Orona Atoll - Image

Orona Atoll - Landsat Image S-02-00_2000 (1:50,000)

Orona Atoll - Map

Orona Atoll - Marplot Map (1:50,000)

Orona Atoll (Hull Island) (4˚30'S., 172˚10'W.) is a coral atoll surrounded by a flat fringing reef, which dries in patches and is about 270m wide. The shelf drops off quickly except at the E extremity, where there is a least depth of 110m, 0.4 mile offshore. At all other points, the 200m curve is within 0.3 mile of the atoll.

The land rim of the atoll is about 0.3 mile wide and encloses a large and relatively clear lagoon. On the SE side of the atoll there are some passes from the lagoon to the outer reef which are fairly deep at HW, but there is no communicating channel through the reef. It was reported that the passes in the reef were improved by blasting.

At the W end of the atoll there are coconut palms from 12 to 18m high; the remainder of the atoll is covered with palm trees and brush, 6 to 12m high.
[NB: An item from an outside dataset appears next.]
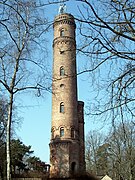 Observation tower on Góra Chełmska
There is a village in ruins on the W part of the atoll.

The lagoon has depths up to 14.6m and 16.5m in places, but it is foul, with numerous shoal coral heads. The larger and shallower heads have been marked with buoyed gasoline drums.

Tides—Currents.—Close into the shore, the current sets W along the atoll with an average velocity of 1 knot. Offshore, the set is W about 0.5 knot, varying with the surface currents set up by the wind. The tidal current in the blasted channel through the reef in the NE part of the atoll is very strong, ranging up to 5 knots.

The E channel, the widest and deepest, carries about 0.9m of water at the spring tides. A channel has been blasted through the W extremity of the reef.

Anchorage.—There is anchorage for small vessels in E winds only, in a depth of about 18.3m, about 0.1 mile off the W extremity of the reef. It is recommended that vessels with a draft of more than 6.1m lie off the W end of the atoll. (SD Pub-126)

The digitizing of this atoll was completed over a period of 2-days. The map took about 6-hours to complete. It took 3 seperate sessions to complete this project. The final session was from 3 to 6 in the morning. When you get started on a project it is tough to stop.